It was real cold this morning (for me anyway, about 4-7 degrees Celcius). My '94 m900 started fine and ran fine for half the 15 minute ride, but started backfiring, struggling at idle and generally running shitty after that. It was better once I was moving or revving high, but was still super rough and poppy. Any ideas?
edit. Oil temp only got up to 30-40 degrees C.
Quote from: Howley on June 30, 2008, 08:01:22 PM
It was real cold this morning (for me anyway, about 4-7 degrees Celcius). My '94 m900 started fine and ran fine for half the 15 minute ride, but started backfiring, struggling at idle and generally running shitty after that. It was better once I was moving or revving high, but was still super rough and poppy. Any ideas?

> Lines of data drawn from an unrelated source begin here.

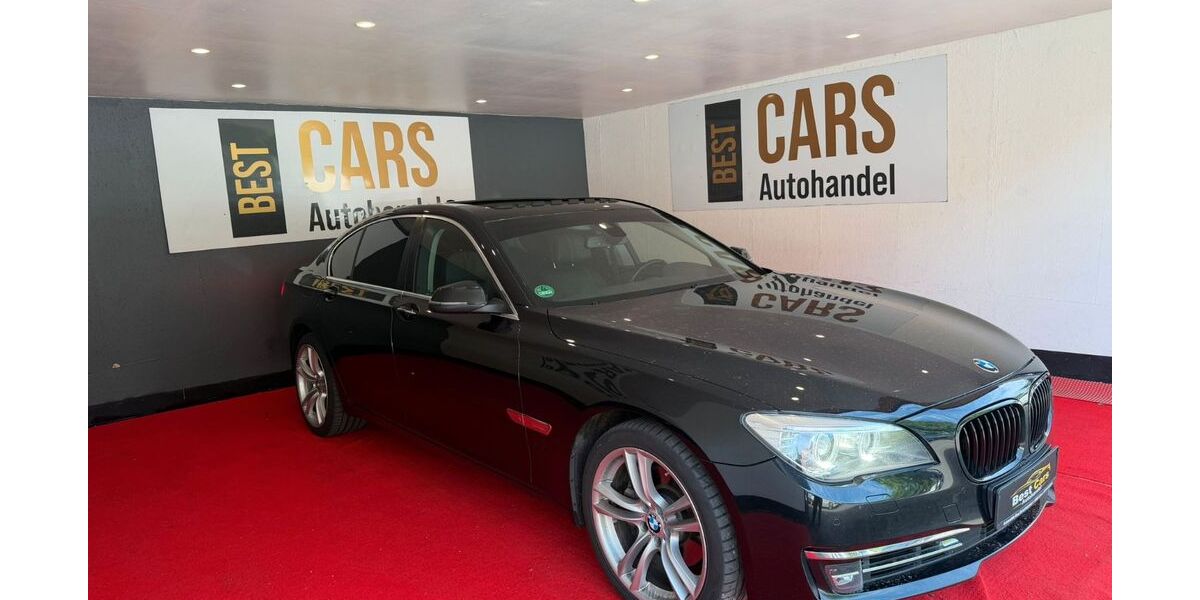 BMW 740 280.000 km 12.900 &euro; Bochum 44805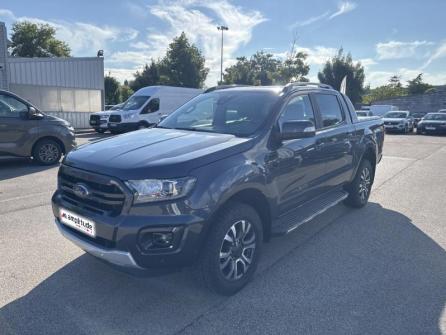 FORD Ranger 2.0 TDCi 213ch Double Cabine Wildtrak BVA10 à vendre à Beaune - Image n°1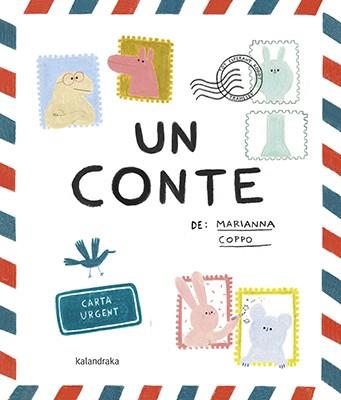 CONTE, UN | 9788416804542 | COPPO, MARIANNA | Cooperativa Cultural Rocaguinarda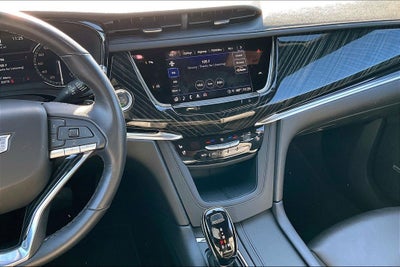 2025 Cadillac XT6 Premium Luxury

edit. Oil temp only got up to 30-40 degrees C.
Whats the humidity like there? Icing carbs maybe? (They "ice" at quite a bit warmer than freezing due to the cooling effect of evaporating the fuel.) Does yours have the tap to provide oil heating to the float bowls?
big
It doesn't have the carb warming thing. It's quite possible it was icing, I just checked the graphs and the air temp was around 2 degrees C.

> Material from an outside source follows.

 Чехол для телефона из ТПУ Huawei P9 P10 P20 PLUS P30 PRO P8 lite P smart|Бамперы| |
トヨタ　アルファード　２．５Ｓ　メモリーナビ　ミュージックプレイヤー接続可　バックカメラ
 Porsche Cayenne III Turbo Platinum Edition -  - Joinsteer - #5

It ran fine on the way home. I guess it was iced up.
I've experienced carburetor icing a few times on the 1997 M900 that I used to have. Stopping and idling for a few minutes usually fixed things by warming the carburetors back up. By "idling", I mean blipping the throttle or whatever else it took to keep the bike running. The temperature you've described is in the optimal range for carburetor icing, by the way.

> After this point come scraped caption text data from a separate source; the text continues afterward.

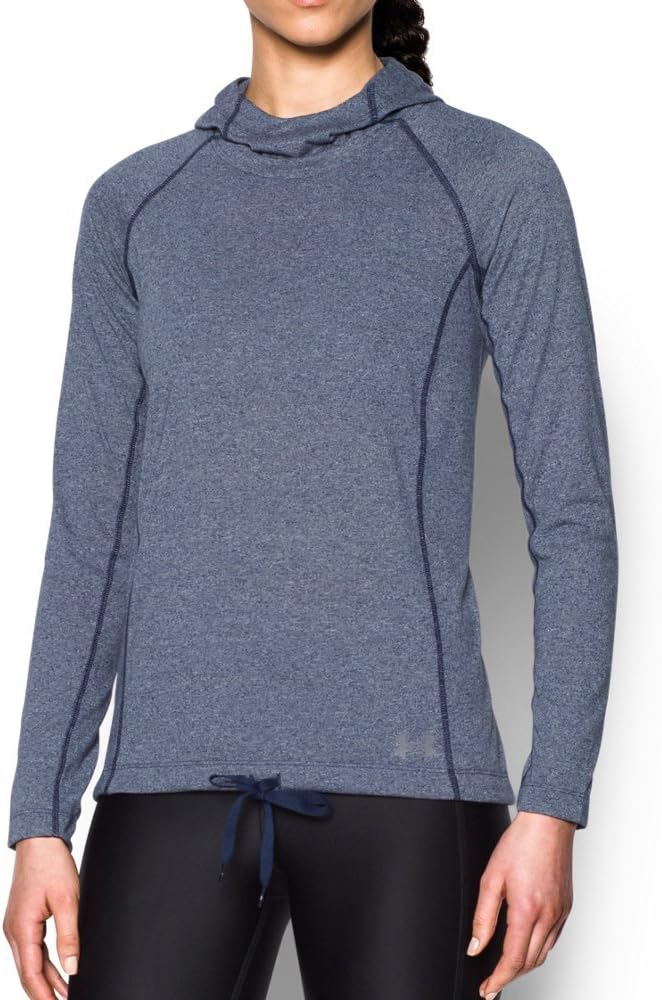 Under Armour Boys' Threadborne Train Twist Hoodie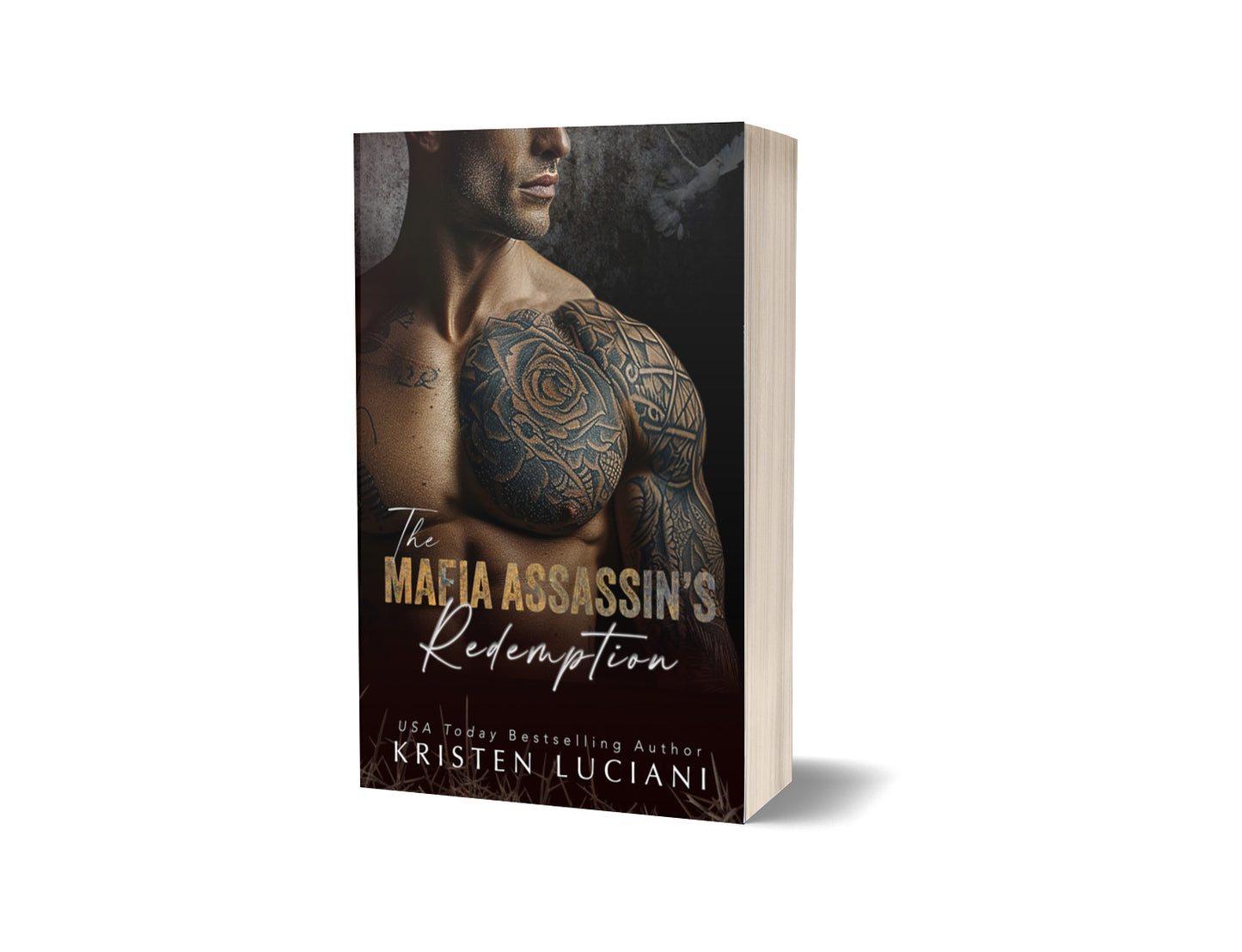 The Mafia Assassin's Redemption - Paperback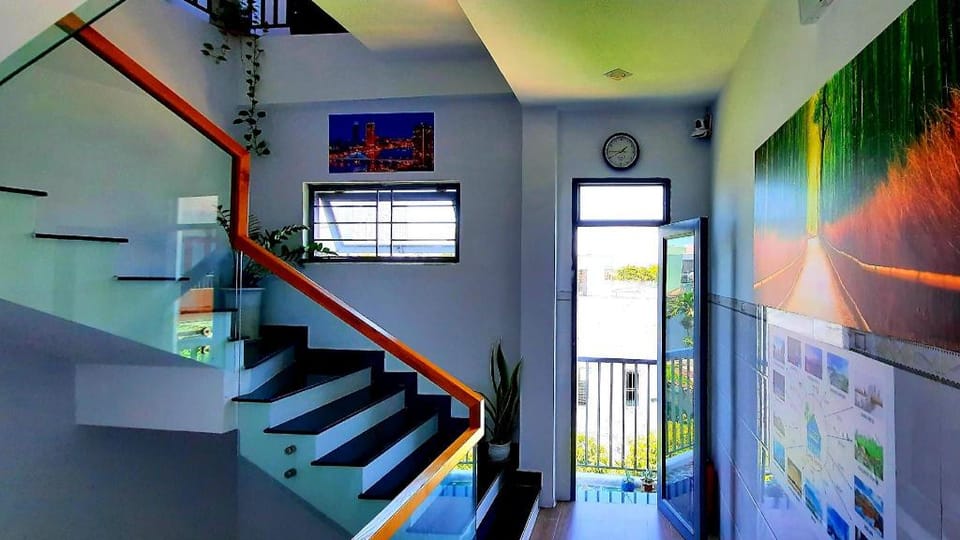 Sena home 3*1*By Night Market*Danang Dragon Bridge Vacation rental in Da Nang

I checked the weather for the second day it happened and it was 4 degrees C and 94% humidity.
I've never had a carbie Monster, but that seems like perfect conditions for icing.
I thought so too [laugh]
I had exact same problem this week. Temp about 3deg C and high humidity. Engine good for 7mins then progressively shit and eventually had to get bike home at 4000+ rpm while filtering and slipping clutch for 20 mins.
Found an oil diverter on my 97 M900 which diverts hot oil to carbs for such occasions. All carby riders make sure you use this device with cold riding if fitted. I will be in future. Knowing Ducati in 96/97 anything can be on your bike and not necessarily what the manual says.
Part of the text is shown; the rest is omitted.